Historically, all APM vendors had to instrument popular libraries: HTTP clients, web frameworks, Entity Framework, SQL clients, Redis client libraries, RabbitMQ, cloud providers’ SDKs, and so on. That did not scale well. But with .NET tracing APIs and OpenTelemetry semantics, instrumentation became common for all vendors. You can find a growing list of shared community instrumentations in the OpenTelemetry Contrib repo: https://github.com/open-telemetry/opentelemetry-dotnet-contrib.

Moreover, since OpenTelemetry is a vendor-neutral standard and baked into .NET, it’s now possible for libraries to implement native instrumentation – HTTP and gRPC clients, ASP.NET Core, and several other libraries support it.

Even with native tracing support, it’s off by default – you need to install and register specific instrumentation (which we’ll cover in Chapter 2, Native Monitoring in .NET). Otherwise, tracing code does nothing and, thus, does not add any performance overhead.

Backends

The observability backend (aka monitoring, APM tool, and log management system) is a set of tools responsible for ingestion, storage, indexing, visualization, querying, and probably other things that help you monitor your system, investigate issues, and analyze performance.

Observability vendors build these tools and provide rich user experiences to help you use traces along with other signals.

Collecting traces for common libraries became easy with the OpenTelemetry ecosystem.

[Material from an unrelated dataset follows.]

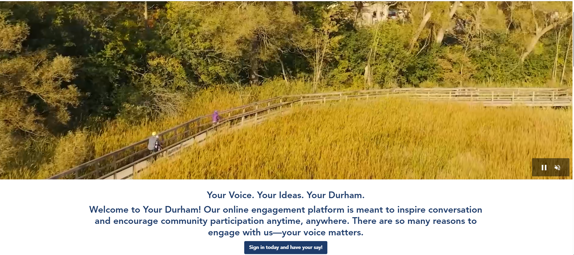 A picture of a golden wheatfield with writing a the bottom that sys "Your Voice, your ideas, your Durham."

As you’ll see in Chapter 2, Native Monitoring in .NET, most of it can be done automatically with just a few lines of code at startup. But how do we use them?

While you can send spans to stdout and store them on the filesystem, this would not leverage all tracing benefits. Traces can be huge, but even when they are small, grepping them is not convenient.

Tracing visualizations (such as a Gantt chart, trace viewer, or trace timeline) is one of the common features tracing providers have. Figure 1.6 shows a trace timeline in Jaeger – an open source distributed tracing platform:

Figure 1.6 – Trace visualization in Jaeger with errors marked with exclamation point

While it may take a while to find an error log, the visualization shows what’s important – where failures are, latency, and a sequence of steps. As we can see in Figure 1.6, the frontend call failed because of failure on the storage side, which we can further drill into.

However, we can also see that the frontend made four consecutive calls into storage, which potentially could be done in parallel to speed things up.

Another common feature is filtering or querying by any of the span properties such as name, trace-id, span-id, parent-id, name, attribute name, status, timestamp, duration, or anything else. An example of such a query is shown in Figure 1.7:

Figure 1.7 – A custom Azure Monitor query that calculates the Redis hit rate

For example, we don’t report a metric for the cache hit rate, but we can estimate it from traces. While they’re not precise because of sampling and might be more expensive to query than metrics, we can still do it ad hoc, especially when we investigate specific failures.

Since traces, metrics, and logs are correlated, you will fully leverage observability capabilities if your vendor supports multiple signals or integrates well with other tools.